Description of the task: Transcribe the records below in their entirety, and leave out each image.

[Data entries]
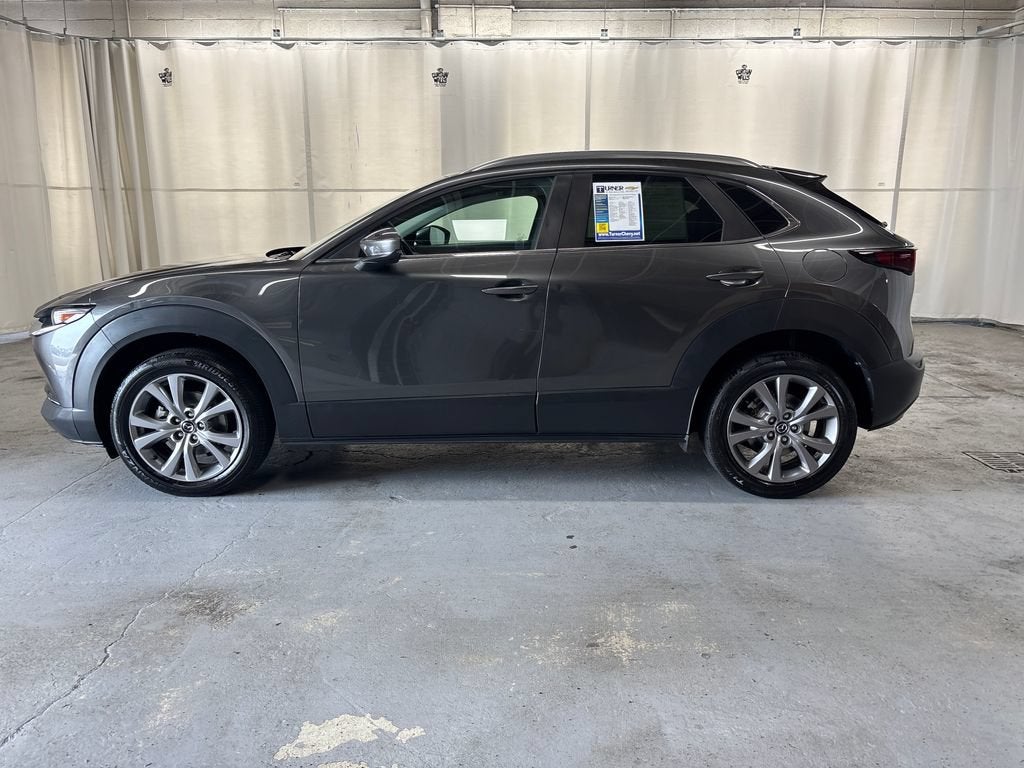 2023 Mazda Mazda CX-30 2.5 S Preferred Package
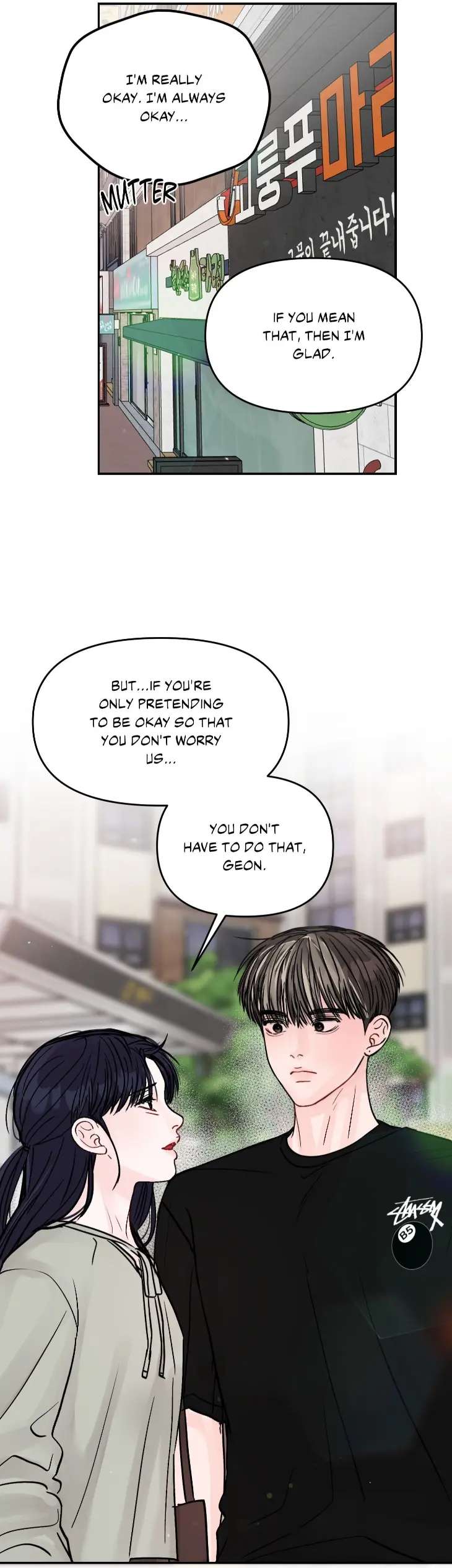 Jumping-The-Geon-By-Poong5-Uncensored-Eng page 65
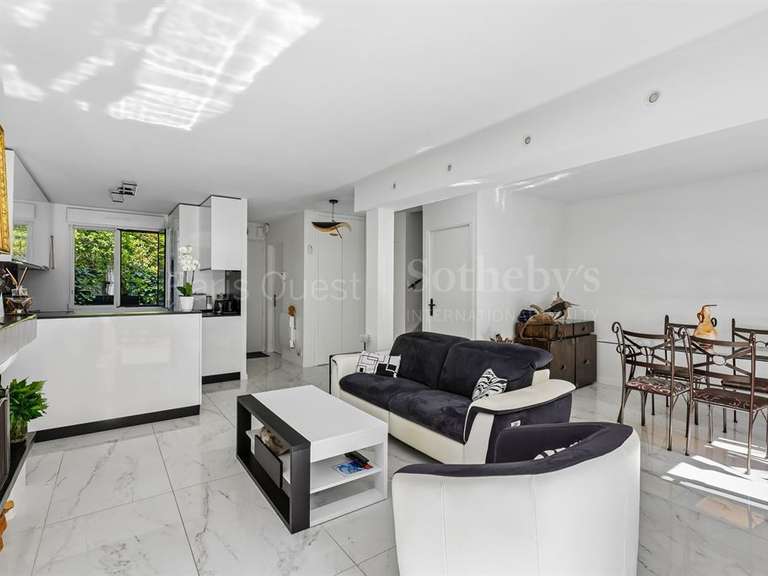 Maison Châtillon - 4 chambres - 104m²
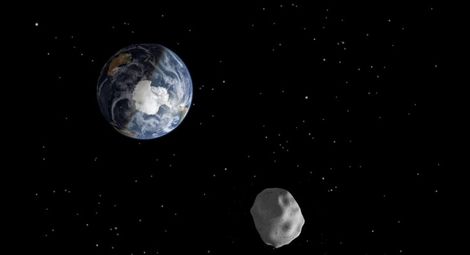 Опасността от астероиди за Земята е по-голяма, отколкото смятахме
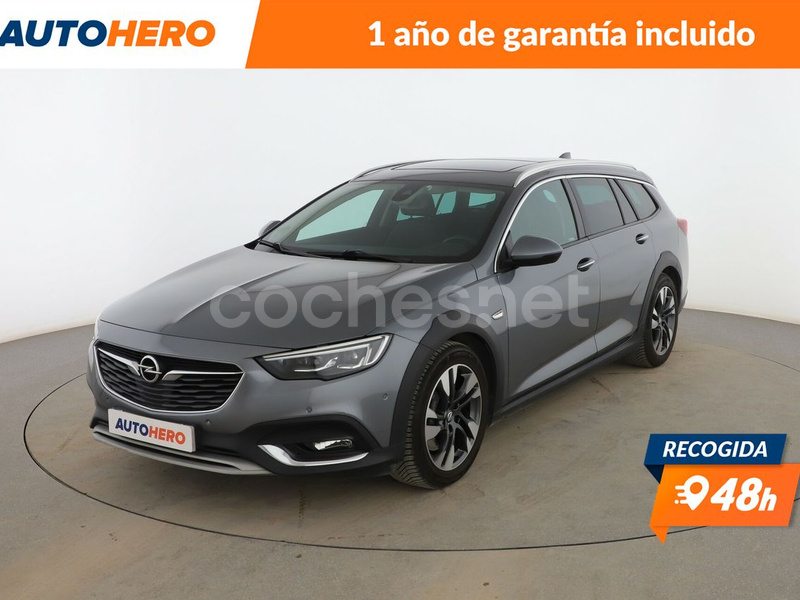 OPEL Insignia ST 2.0 NFT Turbo 4x4 GSI Auto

Reply:
 2023 Mazda Mazda CX-30 2.5 S Preferred Package
 Jumping-The-Geon-By-Poong5-Uncensored-Eng page 65
 Maison Châtillon - 4 chambres - 104m²
 Опасността от астероиди за Земята е по-голяма, отколкото смятахме
 OPEL Insignia ST 2.0 NFT Turbo 4x4 GSI Auto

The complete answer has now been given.